Chalk that up as a missed opportunity. But is not this approach all too common in our community as well? How often do we communicate that the real crime is not the illicit behavior but rather getting caught (or worse: the real crime is getting caught and implicating others in order to receive more lenient treatment)?
What the mother neglected to convey was any sense of a higher morality. And what is often missing from our world is the reality that God is watching – that there really is a Master of the Universe who dictated His morality to us, that our personal perfection is measured by our ethical attainments in relation to our fellow man, and that there is reward and punishment for same.
Have we become too “sophisticated” to think in those terms? Is the awareness that “Hashem is here, Hashem is there, Hashem is truly everywhere” relegated only to songs for children? We might struggle to sense God’s presence during tefillah, but too many of us leave any consciousness of God in shul or the bet midrash, and His reality is missing from our workplaces and in our dealings with money.
Perhaps we were better off when we were less sophisticated and just lived with emunah peshutah.
An elderly Chofetz Chaim was once noticeably apprehensive, and when questioned he explained he was worried about his Final Judgment. He noted that having published and sold many books in his lifetime, perhaps he was culpable for mistakes that he or the proofreader had not caught.
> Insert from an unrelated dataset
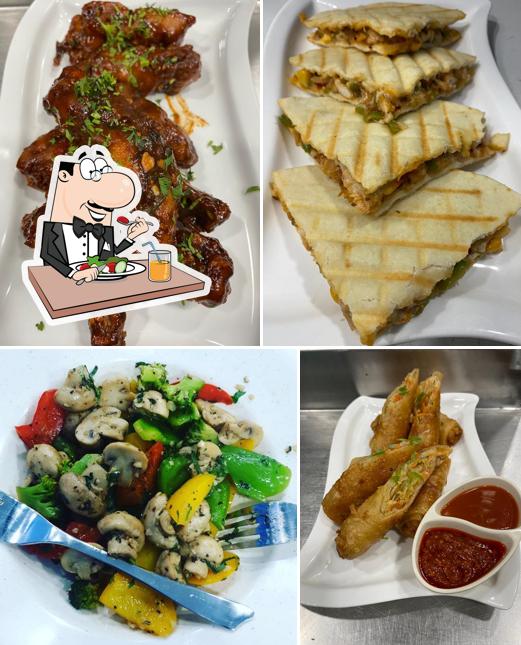 Kite Restuarant Bhaniyawala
Or that the binding on some of the volumes was inferior.
“And in Heaven I will be asked how this can possibly be justified. Those book sales were a mikach ta’ut, and I will owe money to people whom I cannot repay. Surely I must recognize that these concerns are not simply scholarly musings about civil law and liabilities, but whether I will have to walk through the fires of Gehinnom because I stole money from another person.”
It is helpful, although not essential, to anticipate our eventual punishment for sin in such a graphic way. But even short of that, it suffices to recognize the grave harm caused to our quest for moral perfection by our indifference to theft or our lust for other people’s property. For many of us, challenges to our integrity would be rectified upon internalizing the words of Tehillim 16:8 – “I have set God before me always” – and the application of that formula to our daily lives.
One who is constantly aware of God’s presence cannot sin. Utilizing tefillah, especially Minchah in the middle of the work day, as a vehicle to reconnect with God and His moral code instead of just perceiving the act of prayer as the fulfillment of an obligation – a verbal quota that must be satisfied daily – could help in this regard.